I want to parallelize execution of a for loop on the quadcore processor of my computer's CPU. I am using pp (Python-Parallel) - rather than joblib.Parallel for reasons considered here.
But I am getting an error:
Traceback (most recent call last):
File "batching.py", line 60, in cleave_out_bad_data
job1 = job_server.submit(cleave_out, (data_dir,dirlist,), (endswithdat,))
File "/homes/ad6813/.local/lib/python2.7/site-packages/pp.py", line 459, in submit
sfunc = self.__dumpsfunc((func, ) + depfuncs, modules)
File "/homes/ad6813/.local/lib/python2.7/site-packages/pp.py", line 637, in __dumpsfunc
sources = [self.__get_source(func) for func in funcs]
File "/homes/ad6813/.local/lib/python2.7/site-packages/pp.py", line 704, in __get_source
sourcelines = inspect.getsourcelines(func)[0]
File "/usr/lib/python2.7/inspect.py", line 690, in getsourcelines
lines, lnum = findsource(object)
File "/usr/lib/python2.7/inspect.py", line 529, in findsource
raise IOError('source code not available')
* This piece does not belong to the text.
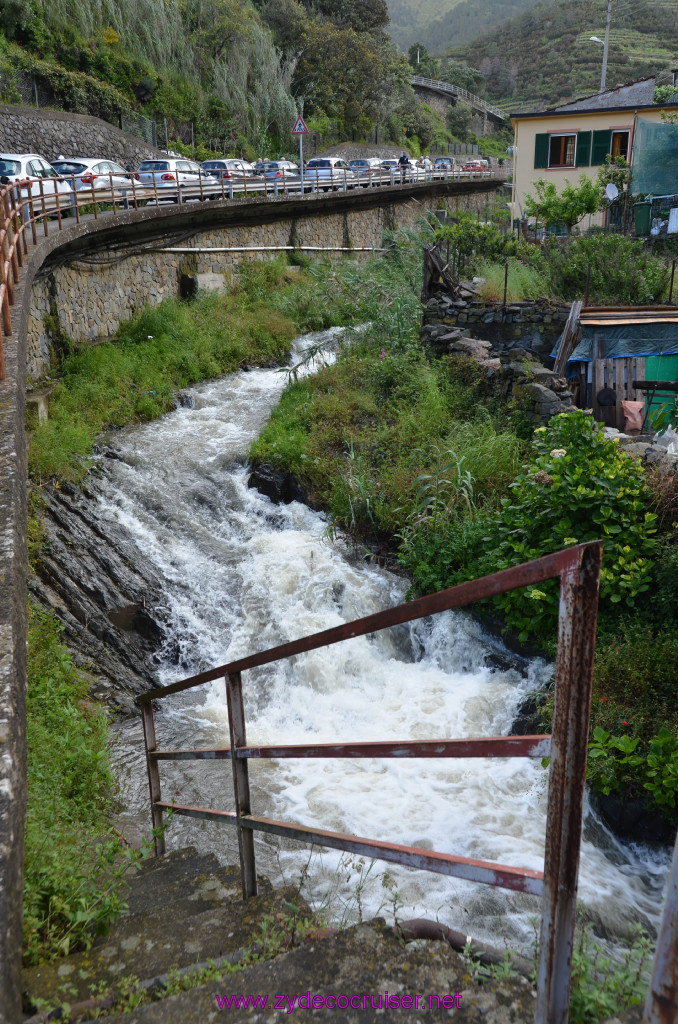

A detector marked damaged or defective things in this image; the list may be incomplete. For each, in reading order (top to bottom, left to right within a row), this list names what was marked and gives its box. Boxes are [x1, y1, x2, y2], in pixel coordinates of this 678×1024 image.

IOError: source code not available
It looks like the reason is a python-2.7 bug.
Has anyone come across this and solved it?
Here is my code:
def clean_dir(data_dir, dirlist):
job_server = pp.Server()
job1 = job_server.submit(clean, (data_dir,dirlist,), (endswith,))
def clean(data_dir, dirlist):
[good_or_bad(file, data_dir) for file in dirlist if endswith(file)]